Comfort food at its best - a "one-pot" pasta dish that is delicious, nutritionally complete, easy and quick to make. Also rich in carbohydrates, fiber and protein.
- 1 and ½ onion, minced
- 3 cloves garlic, minced
- 4 tomatoes, diced
- 8 tablespoons of tomato paste
- 2/3 of wholegrain or gluten-free spaghetti (330g)
- 500g cooked chickpeas
- 1000mL of water
- 1 large cup of coarsely chopped fresh basil (40g)
- 1 tbsp dehydrated basil
- ½ tbsp smoked paprika
- 1 tsp garlic powder
- 2 and ½ teaspoons salt
- 2 tbsp olive oil
- 1 tbsp arrowroot flour
- In a large pan sauté over medium-high heat the onion and olive oil for about 5 minutes.
- Add the garlic, tomatoes and tomato paste, stir and simmer for 4 minutes, stirring halfway.
- Open the pan, add water and 1 teaspoon salt. Stir and raise to high heat until boiling.
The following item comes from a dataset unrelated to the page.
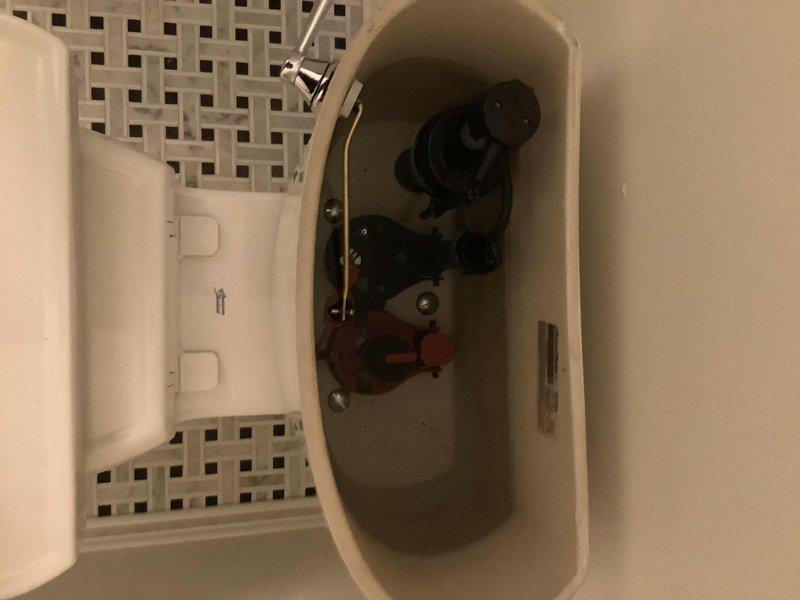 Rebuilt flapper assembly and replaced tank lever on American Standard Heritage toilet in first floor powder room. Special order handle was procured and installed to restore proper flush operation. Work completed upon parts arrival at shop.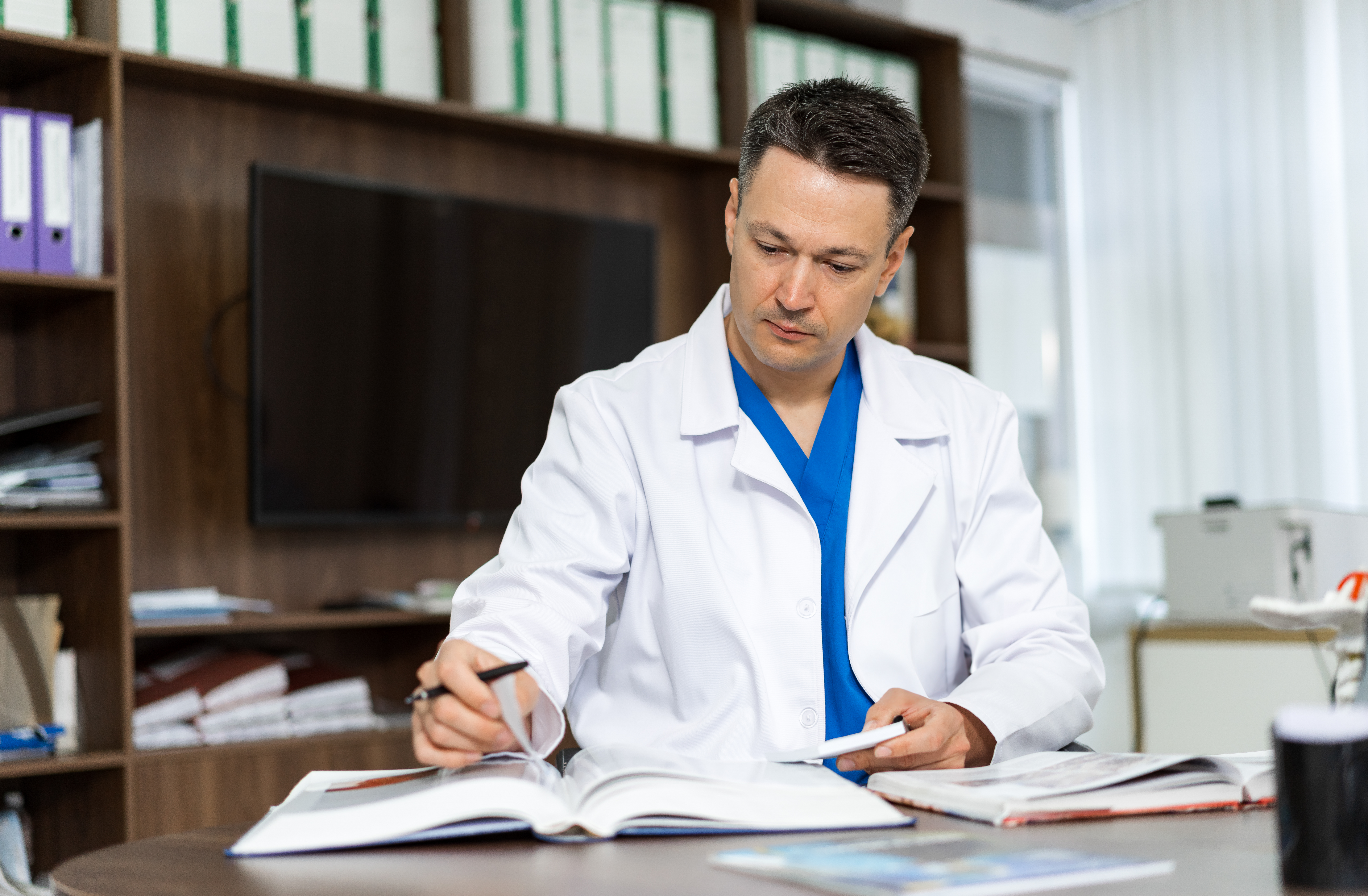 Doctor Reviewing Patient Records In A Modern Office Setting. A Healthcare Professional Is Focused On Reviewing Patient Records At His Desk - Contabilidade em Guarulhos - SP | Boss Contabilidade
- Break the spaghetti in half and add it to the pan. Reduce to medium-high heat, stir with a fork and cover. Let it cook for 4 minutes.
- Open the pan, stir with a fork, reduce to medium heat and cover, letting it cook for 4 minutes.
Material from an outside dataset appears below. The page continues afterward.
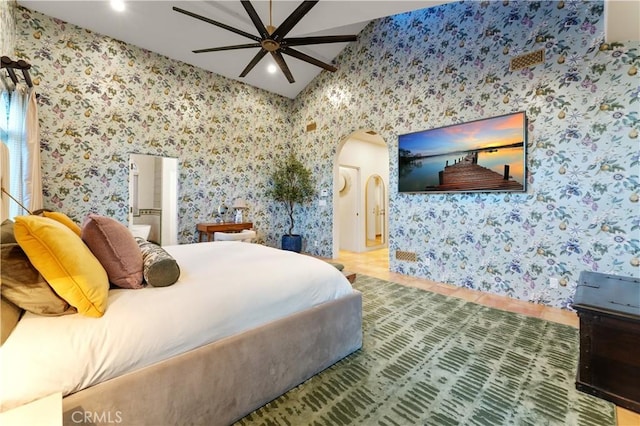 810 E Dalton Ave, Glendora, CA 91741 - bedroom with arched walkways, wallpapered walls, recessed lighting, and a ceiling fan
- Open the pan again, stir with a fork, cover and cook for 2 minutes.
- Open, add the chickpeas, basil and seasonings (1 and ½ teaspoon salt, pepper, dried basil, garlic powder and smoked paprika), stir well and raise to high heat until boiling, stirring constantly. Reduce to medium heat and cook for 3 minutes with the pan covered.
- Open, add the arrowroot flour (which will work as a thickener) and wrap very well with two forks so that the spaghetti do not stick together.
- Reduce to medium-low heat, cover and wait two minutes.
- Open pan, rewrap with both forks and serve immediately.